Reproducible We weren't going
Posted: Thu Feb 13, 2025 8:42 am
We had to make a choice. It was a tough one. Do we start with a known strong bias that doesn't favor Moz, or do we start with a known weak bias that does? We could use a random selection from our own index as the starting point for this process, which would be pseudo-random but could potentially favor Moz, or we could start with a small, public index like the Quantcast Top Million. Like we could start with a small, public index that would be strongly biased toward good sites.
We decided to go with the latter as a starting point because the Quantcast data is:
A to make the "random URL selection" part of the Moz API, so we needed something that other people in the industry could get started with. Quantcast Top Million is free for everyone.
Not biased towards Moz : We would prefer to err on the side of caution, even if it means more work to remove bias.
Known bias : The bias in the Quantcast Top 1,000,000 was easily understandable — these are important sites and we need to address this bias.
Quantcast bias is natural: any link graph bahrain number data already shares some of the Quantcast bias (powerful sites are more likely to be well-linked)
With this in mind, we selected 10,000 domains from the Quantcast Top Million and began the process of removing bias.
2. Choosing based on domain size rather than importance
Because we knew that the Quantcast Top Million was ranked by traffic and wanted to reduce this bias, we introduced a new bias based on site size. For each of the 10,000 sites, we used the "site:" command to identify the number of pages on the site according to Google and also retrieved the top 100 pages for the domain. We could now balance the "importance bias" against the "size bias," which is more reflective of the number of URLs on the web. This was the first step in reducing the known bias of only high-quality sites in the Quantcast Top Million.
We decided to go with the latter as a starting point because the Quantcast data is:
A to make the "random URL selection" part of the Moz API, so we needed something that other people in the industry could get started with. Quantcast Top Million is free for everyone.
Not biased towards Moz : We would prefer to err on the side of caution, even if it means more work to remove bias.
Known bias : The bias in the Quantcast Top 1,000,000 was easily understandable — these are important sites and we need to address this bias.
Quantcast bias is natural: any link graph bahrain number data already shares some of the Quantcast bias (powerful sites are more likely to be well-linked)
With this in mind, we selected 10,000 domains from the Quantcast Top Million and began the process of removing bias.

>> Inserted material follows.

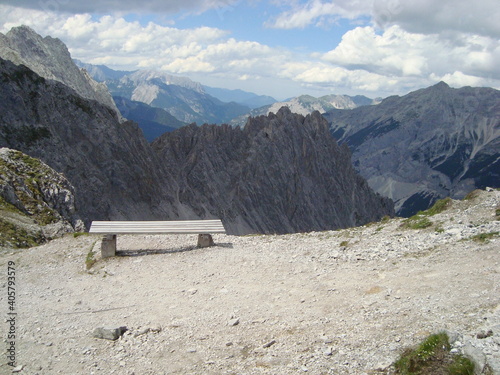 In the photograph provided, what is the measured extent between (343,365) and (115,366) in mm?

2. Choosing based on domain size rather than importance
Because we knew that the Quantcast Top Million was ranked by traffic and wanted to reduce this bias, we introduced a new bias based on site size. For each of the 10,000 sites, we used the "site:" command to identify the number of pages on the site according to Google and also retrieved the top 100 pages for the domain. We could now balance the "importance bias" against the "size bias," which is more reflective of the number of URLs on the web. This was the first step in reducing the known bias of only high-quality sites in the Quantcast Top Million.